I started a Facebook group if any of y'all are on Facebook.

http://www.facebook.com/group.php?gi...3467500&ref=mf

Go get 'em ladies!

-Vijay


----------



## JennaW (Oct 11, 2007)

Weird. That was mine and DH's response.

I hate when "media" or anyone for that matter paints a child as a "burden" upon their parents.


----------



## VijayOwens (Aug 26, 2006)

Oh wow, you had already posted it, sorry.
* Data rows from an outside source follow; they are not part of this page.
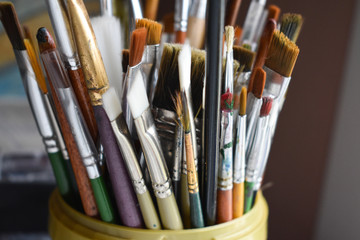 Art paint brushes. colorful brushes in pot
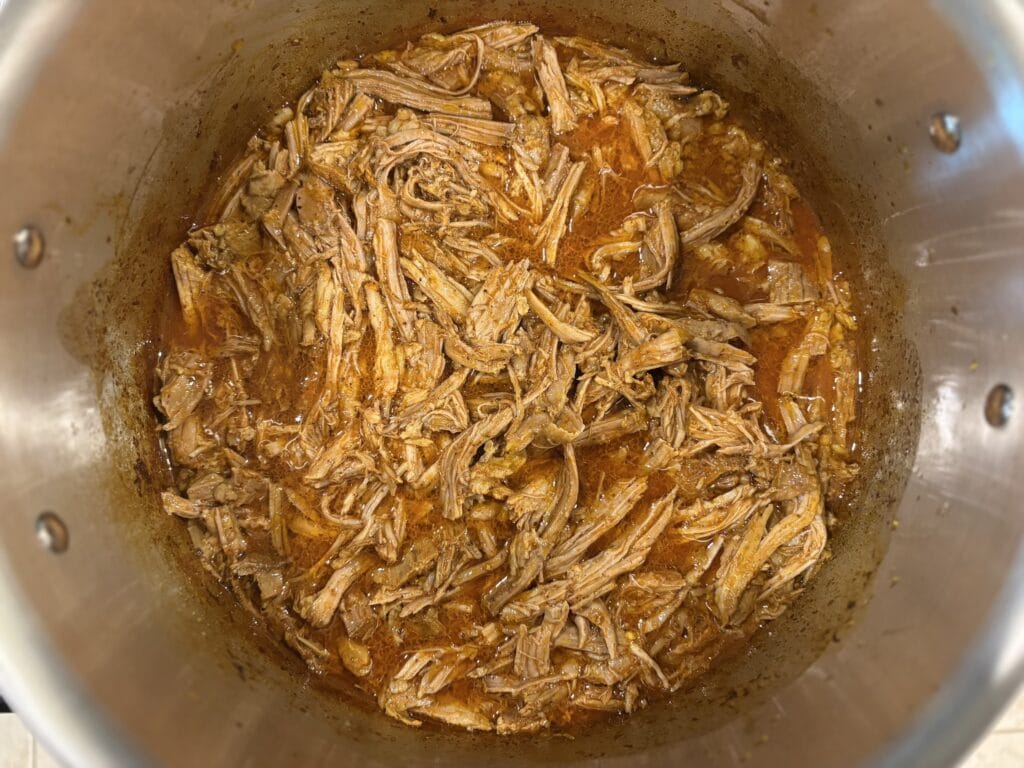 Top view of cooked cochinita pibil meat shredded in a pot.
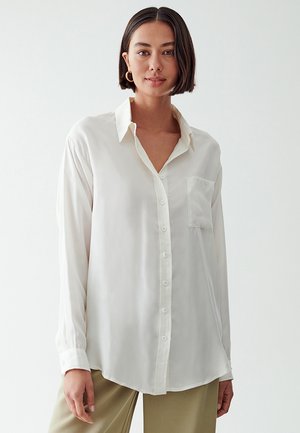 Camicia button-up bianca in seta con colletto, maniche lunghe e taschino frontale. Texture liscia e vestibilità rilassata, con orlo curvo.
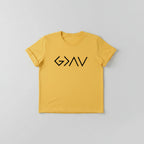 Yellow t-shirt with 'G>AV' design, paired with yellow sneakers and jeans on a wooden surface.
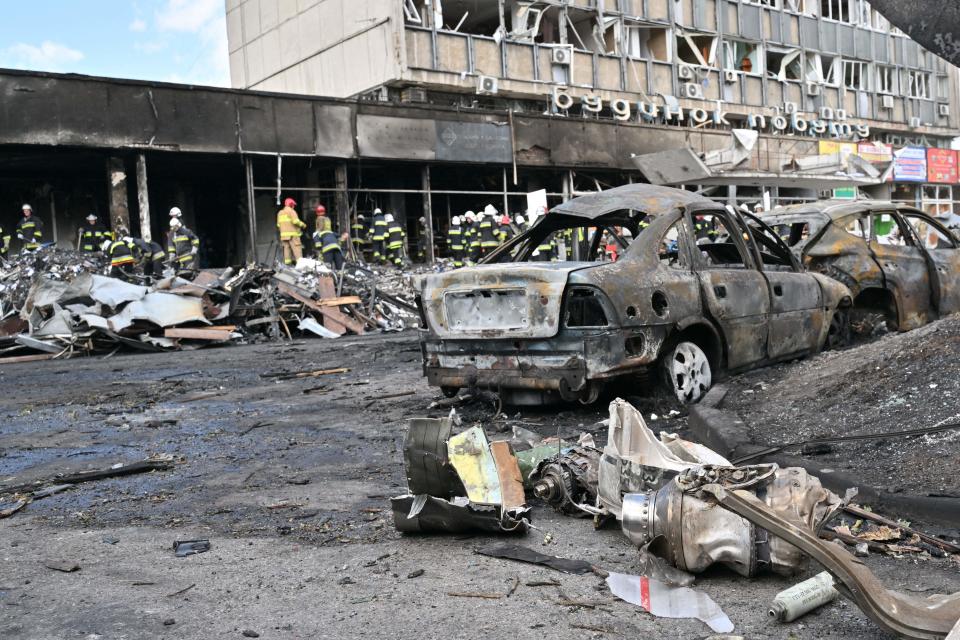 Rubble is seens along the sides of a street along with destroyed, burned cars and a damaged building.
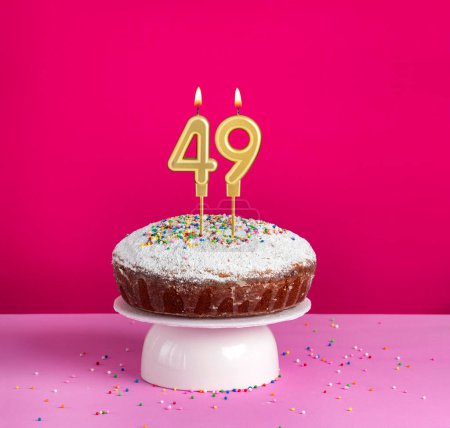 Birthday cake with number 49 candle on pink background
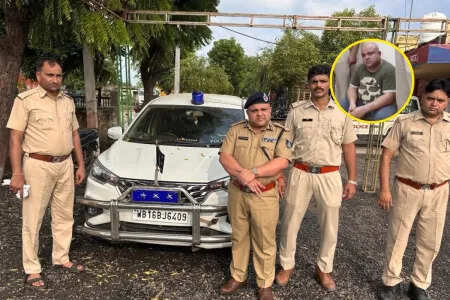 धौलपुर में फर्जी आईपीएस अधिकारी गिरफ्तार, नीली बत्ती लगी कार और हथियार जब्त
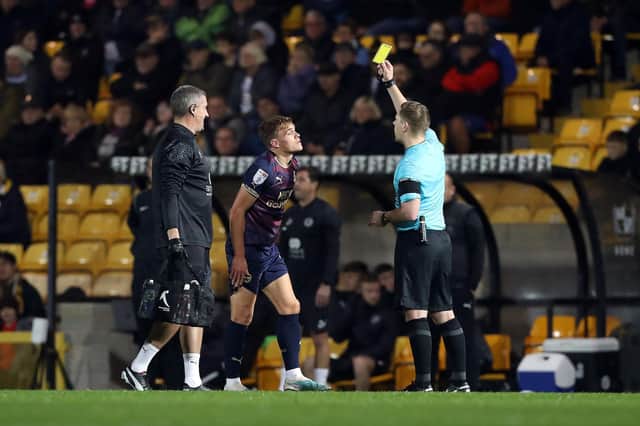Archie Collins of Peterborough United is shown a yellow card at Port Vale by referee Marc Edwards. Photo: Joe Dent/theposh.com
And everyone please mark your calendars to note this is the first time I have ever disagreed with Ruthla.










-Vijay


----------



## lovbeingamommy (Jun 17, 2007)

oh, brother!! How sad an ad...


----------



## Cutie Patootie (Feb 29, 2004)

I wrote them.









Quote:

To Whom it May Concern,
Not sure what you were thinking when you came up with the "babywearing...pain" add. The add is absurd and disrespectful to mothers and to the hard working people who make and sometimes hand make quality baby carriers. Perhaps you should have studied out the benefits to baby as well as the quality carriers made for mothers that have been endorsed by chiropractors. When a baby is "worn" correctly neither baby nor mother suffer. Absurd. I am so disappointed in your add, I will not be purchasing your products for my family and I will be passing this along to everyone I know. It's not the add in and of itself, but the underlying messages throughout. What a blatant slap in the face to natural family living mothers who choose to tend to their babies rather than leave them sitting in a baby bucket for half their baby life.


----------



## wholewheatmama (Oct 22, 2005)

I emailed them. I will not be buying Motrin products as long as this ad is still running. Babywearing correctly puts less strain on my back than carrying my babe in arms. And I'm sure Motrin would *never* say a mother shouldn't carry her baby, right?







:


----------



## aries_mama (Sep 9, 2006)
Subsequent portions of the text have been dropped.